Hair pulling, and other related conditions, often arise in childhood, whether early childhood or as the child reaches puberty and goes through hormonal changes that can trigger Trichotillomania. While hair pulling affects more women than men later in life, in childhood there are an equal number of boys and girls that show symptoms. Often the condition disappears by itself, but if it gets rooted in the child’s behavior patterns it can become a lifelong condition. Therefore it is important that parents stay vigilant if they see their child pulling out their hair, eyelashes or eyebrows.

What to do if your child or loved one has trichotillomania

Firstly, do not make a big deal of it. Wait a few days and see if it’s just a passing phase. Most importantly, do not shame, ridicule or punish the child for pulling. Depending on their age you will need to explain clearly that the child actually has a medical condition, reiterate that it is not their fault and assure them that you are there to help and support them.

Secondly observe their behavior and try to identify when they pull.  Then work with the child to help them understand when they pull.
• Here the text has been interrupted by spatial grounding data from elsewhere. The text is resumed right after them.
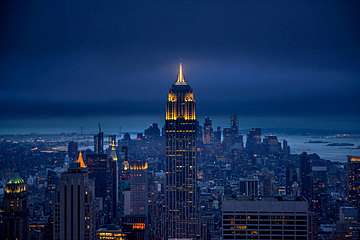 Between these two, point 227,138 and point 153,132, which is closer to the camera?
point 227,138

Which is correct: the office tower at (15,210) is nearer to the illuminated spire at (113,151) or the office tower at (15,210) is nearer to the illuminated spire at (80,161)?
the illuminated spire at (80,161)

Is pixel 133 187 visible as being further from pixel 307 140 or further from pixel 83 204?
pixel 307 140

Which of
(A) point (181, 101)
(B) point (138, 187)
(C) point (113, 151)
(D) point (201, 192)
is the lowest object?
(D) point (201, 192)

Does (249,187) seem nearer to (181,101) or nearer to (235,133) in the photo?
(235,133)

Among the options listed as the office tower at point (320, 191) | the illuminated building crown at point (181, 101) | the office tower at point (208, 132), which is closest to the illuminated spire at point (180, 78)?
the illuminated building crown at point (181, 101)

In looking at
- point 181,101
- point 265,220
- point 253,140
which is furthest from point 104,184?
point 265,220

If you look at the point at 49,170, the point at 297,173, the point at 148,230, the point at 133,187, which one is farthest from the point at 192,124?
the point at 49,170

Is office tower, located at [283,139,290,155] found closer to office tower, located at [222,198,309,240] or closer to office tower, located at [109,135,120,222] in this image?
office tower, located at [222,198,309,240] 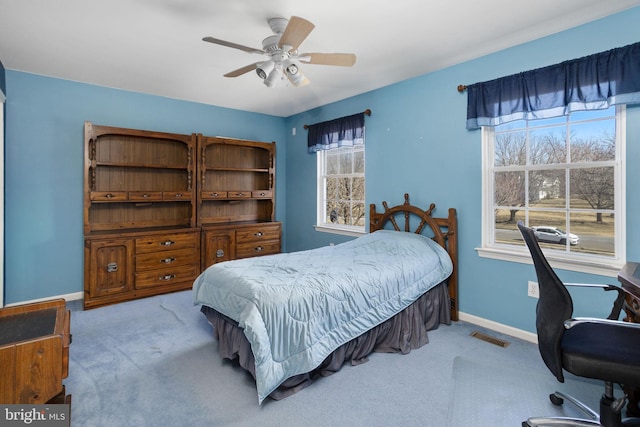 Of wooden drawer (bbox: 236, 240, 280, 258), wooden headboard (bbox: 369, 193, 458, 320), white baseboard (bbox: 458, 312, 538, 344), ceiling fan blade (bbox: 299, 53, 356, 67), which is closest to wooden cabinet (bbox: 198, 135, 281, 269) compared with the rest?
wooden drawer (bbox: 236, 240, 280, 258)

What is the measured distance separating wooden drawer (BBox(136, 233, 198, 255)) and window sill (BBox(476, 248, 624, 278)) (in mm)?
3241

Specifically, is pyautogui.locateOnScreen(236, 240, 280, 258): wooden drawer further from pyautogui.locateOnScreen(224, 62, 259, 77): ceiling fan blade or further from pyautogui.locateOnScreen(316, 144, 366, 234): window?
pyautogui.locateOnScreen(224, 62, 259, 77): ceiling fan blade

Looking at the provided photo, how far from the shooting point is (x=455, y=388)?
205 cm

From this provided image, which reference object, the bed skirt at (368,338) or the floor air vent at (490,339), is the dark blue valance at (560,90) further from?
the floor air vent at (490,339)

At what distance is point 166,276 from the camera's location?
3.88m

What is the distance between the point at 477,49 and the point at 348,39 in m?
1.16

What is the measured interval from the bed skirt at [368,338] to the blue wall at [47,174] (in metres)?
2.24

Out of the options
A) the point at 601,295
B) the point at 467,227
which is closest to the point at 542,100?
the point at 467,227

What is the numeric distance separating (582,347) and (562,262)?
1322 mm

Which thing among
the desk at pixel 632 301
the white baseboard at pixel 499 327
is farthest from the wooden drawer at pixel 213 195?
the desk at pixel 632 301

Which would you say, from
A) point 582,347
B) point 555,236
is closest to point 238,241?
point 555,236

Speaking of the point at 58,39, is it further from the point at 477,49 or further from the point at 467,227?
the point at 467,227

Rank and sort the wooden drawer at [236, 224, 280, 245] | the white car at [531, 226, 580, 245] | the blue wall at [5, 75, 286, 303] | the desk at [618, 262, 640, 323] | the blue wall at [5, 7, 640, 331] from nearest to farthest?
the desk at [618, 262, 640, 323]
the white car at [531, 226, 580, 245]
the blue wall at [5, 7, 640, 331]
the blue wall at [5, 75, 286, 303]
the wooden drawer at [236, 224, 280, 245]

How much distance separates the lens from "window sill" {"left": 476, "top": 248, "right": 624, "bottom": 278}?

Self-awareness is the first step to curing hair pulling, so you will need to be self-aware for them and then teach them how to be self-aware for themselves.

Then, if you feel that the behavior is starting to become rooted in their normal everyday life, reach out to a therapist. It t is very important to find a therapist that specializes in Trichotillomania. If you end up with a therapist that is not familiar with the condition it can have disastrous effects. Make sure to interview the therapist first to ascertain their experience with Trichotillomania and specifically Trichotillomania in children.

Finally put in place a serious of natural remedies and activities. There are many activities and methods to help children with self-awareness, meditation and journaling. These will be keys to the child’s success in tackling Trichotillomania.  Get them something that they can use as a substitute behavior. Giving them something to do instead of pulling is a key element of cognitive behavior therapy. Using a natural product, like a mixture of essential oils for Trichotillomania has the double effect of soothing and healing as well as giving the individual something to do instead of pull.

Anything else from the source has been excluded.